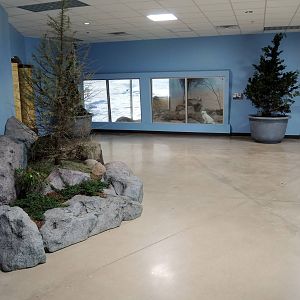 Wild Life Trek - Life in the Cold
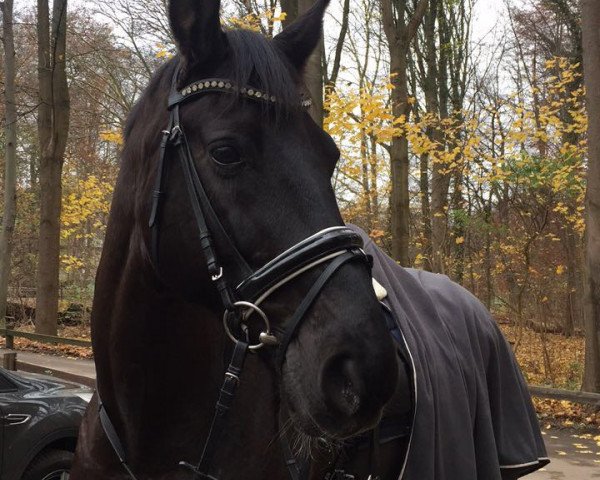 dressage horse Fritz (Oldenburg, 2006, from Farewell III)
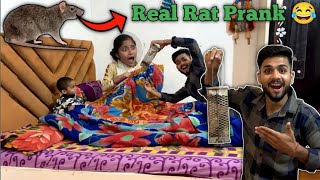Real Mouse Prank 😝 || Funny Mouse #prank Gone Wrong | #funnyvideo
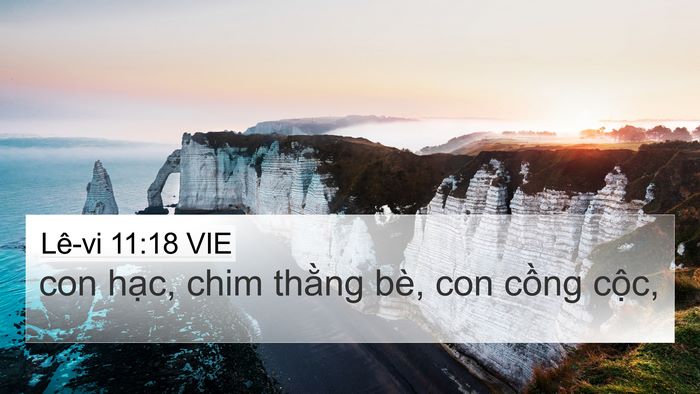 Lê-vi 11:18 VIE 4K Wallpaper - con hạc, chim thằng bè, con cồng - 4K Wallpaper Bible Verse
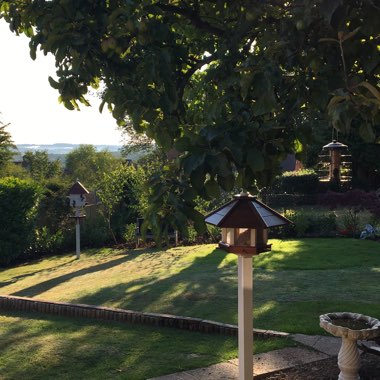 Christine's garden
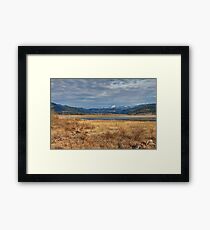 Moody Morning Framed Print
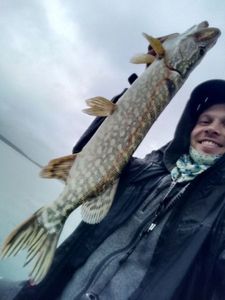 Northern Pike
════════════════
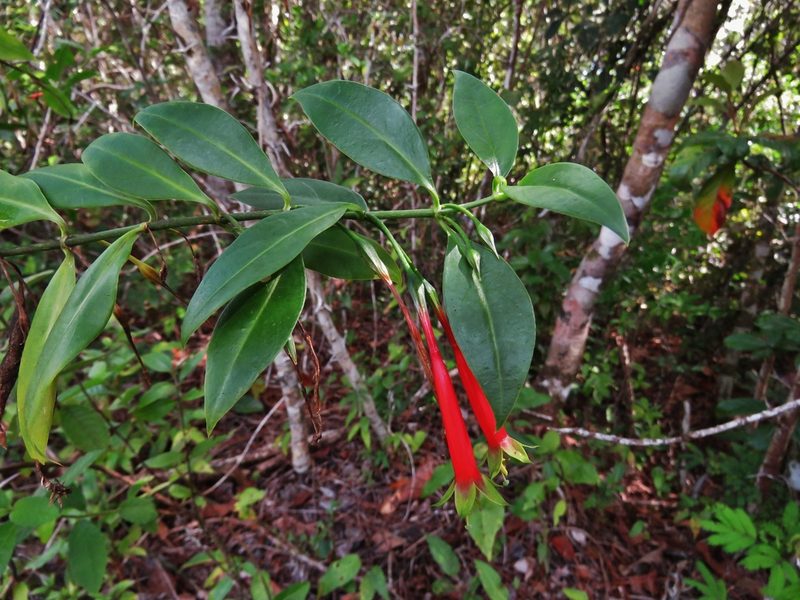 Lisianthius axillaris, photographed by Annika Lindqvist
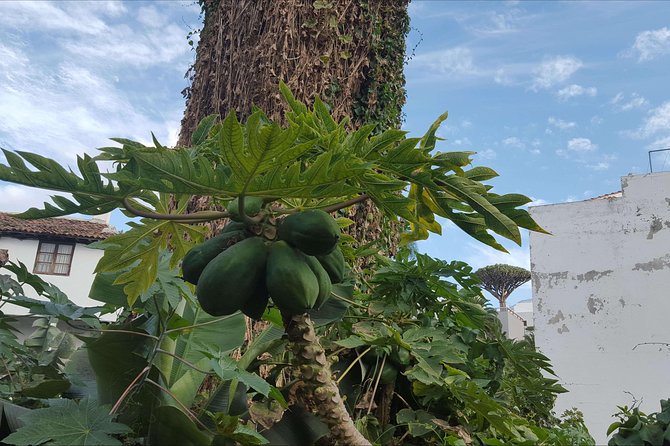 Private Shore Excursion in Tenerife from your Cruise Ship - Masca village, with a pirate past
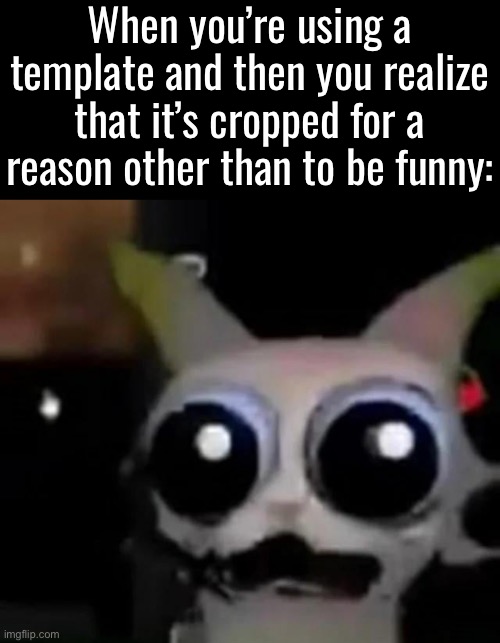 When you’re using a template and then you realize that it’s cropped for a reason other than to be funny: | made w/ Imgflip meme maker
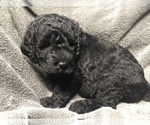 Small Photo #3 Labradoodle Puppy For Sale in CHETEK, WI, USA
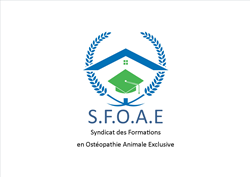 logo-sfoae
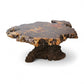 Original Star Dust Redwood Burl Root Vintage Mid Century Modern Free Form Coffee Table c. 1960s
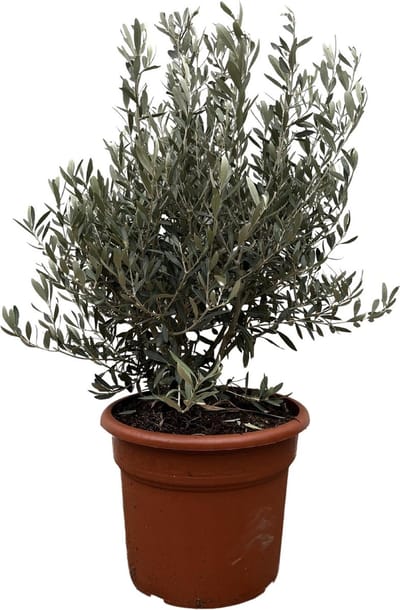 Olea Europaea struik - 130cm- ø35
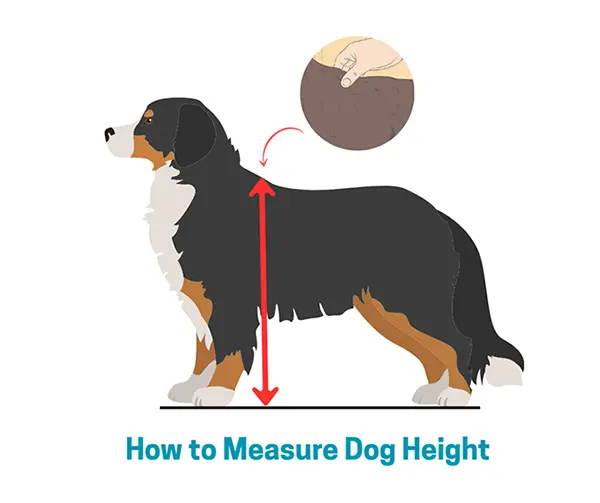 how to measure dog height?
════════════════
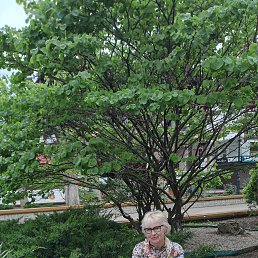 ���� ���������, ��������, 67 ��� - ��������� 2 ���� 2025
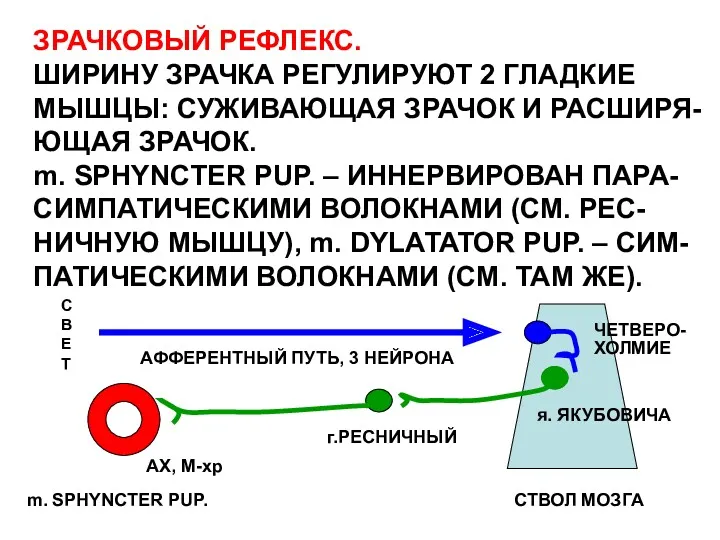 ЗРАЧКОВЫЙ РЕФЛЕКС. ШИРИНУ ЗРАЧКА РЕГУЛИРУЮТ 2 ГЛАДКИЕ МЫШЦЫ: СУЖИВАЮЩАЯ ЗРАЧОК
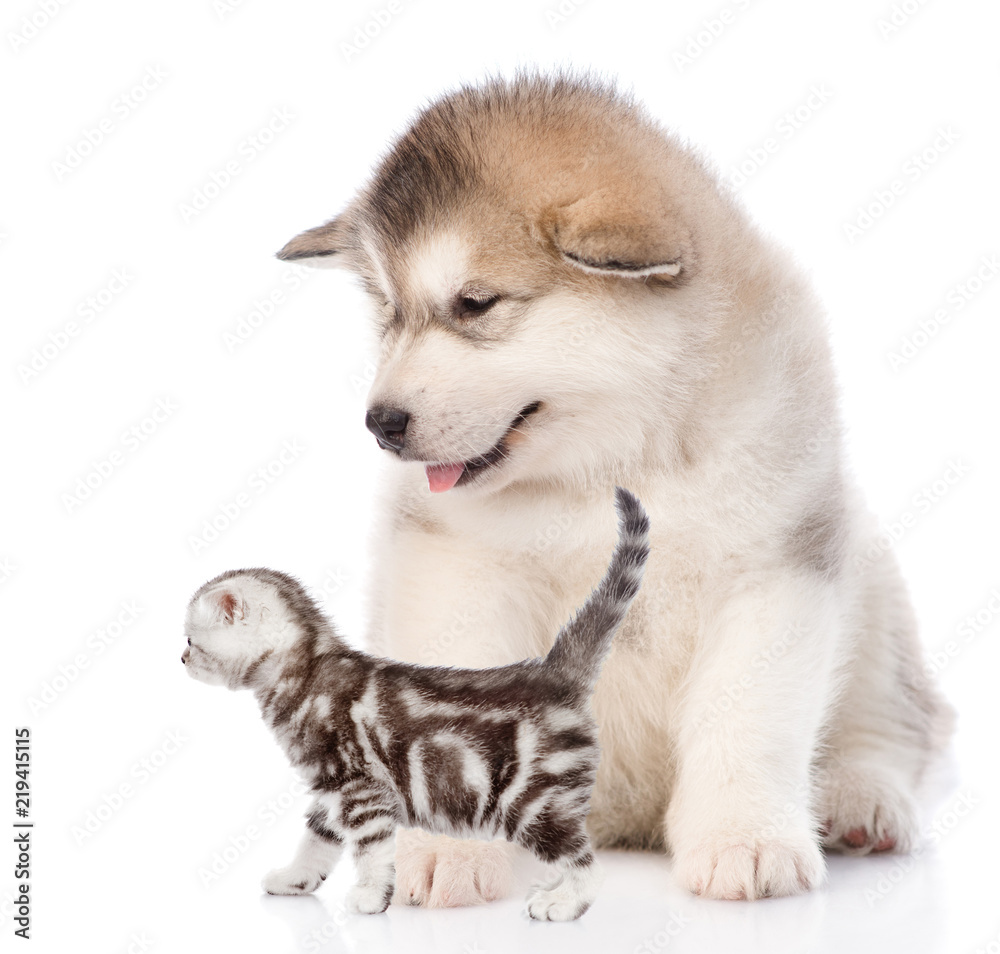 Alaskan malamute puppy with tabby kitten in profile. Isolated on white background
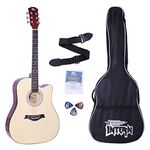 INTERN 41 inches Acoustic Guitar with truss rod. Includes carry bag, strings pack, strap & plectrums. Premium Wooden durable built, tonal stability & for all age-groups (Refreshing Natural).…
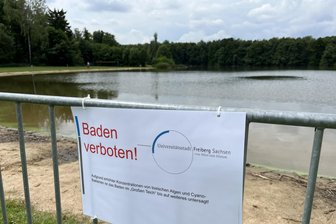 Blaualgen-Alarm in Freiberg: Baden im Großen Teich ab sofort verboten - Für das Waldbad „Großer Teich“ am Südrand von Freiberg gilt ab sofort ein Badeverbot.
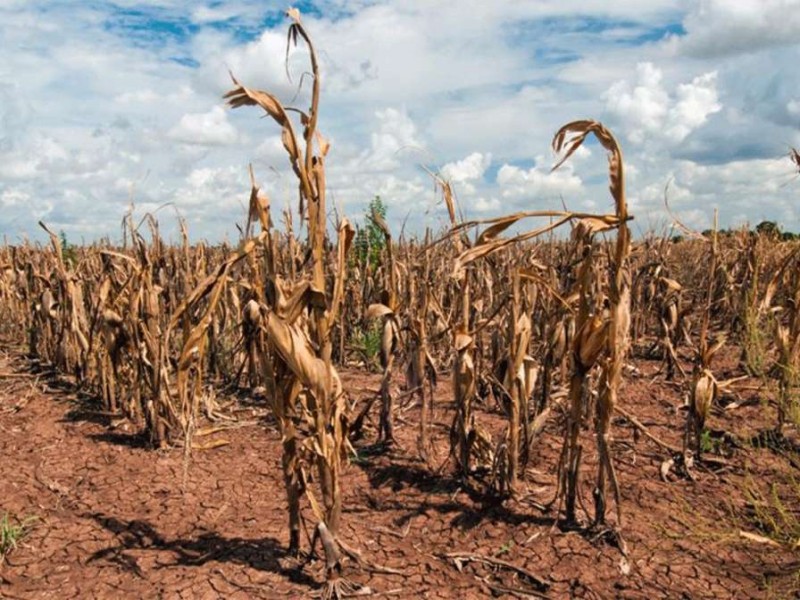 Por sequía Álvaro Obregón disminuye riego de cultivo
════════════════
**Brief**
Your reply should hold nothing but the lines above, from the one containing "Original Star Dust" to the one containing "how to measure dog height?", reproduced exactly minus the pictures.

**Problem solution**
 Original Star Dust Redwood Burl Root Vintage Mid Century Modern Free Form Coffee Table c. 1960s
 Olea Europaea struik - 130cm- ø35
 how to measure dog height?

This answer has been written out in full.